__TASK PROMPT__. Repeat exactly the line with "short-coated tan and" and each line after it to the end of the data below; pictures stay out.

__GIVEN INFORMATION__.
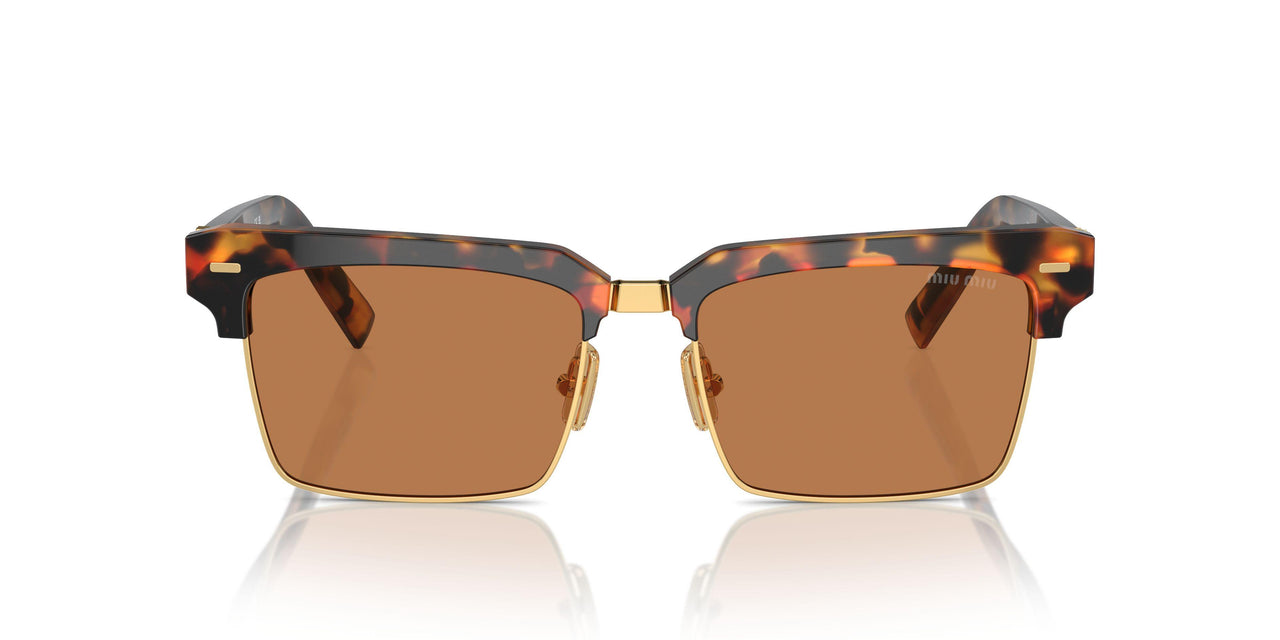 19P2Z1 - Tortoise - Brown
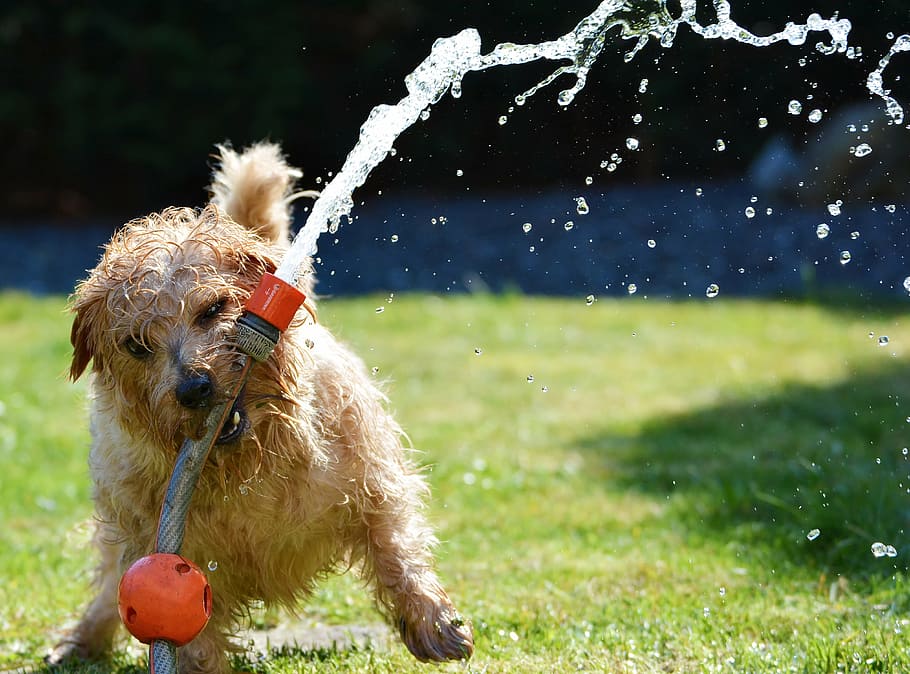 short-coated tan and white dog playing on garden hose during daytime, HD wallpaper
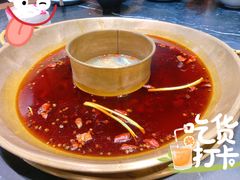 -杨家火锅(国美店)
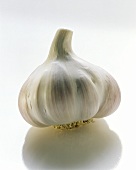 One Garlic Bulb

__RESULT OF THE EXERCISE__.
 short-coated tan and white dog playing on garden hose during daytime, HD wallpaper
 -杨家火锅(国美店)
 One Garlic Bulb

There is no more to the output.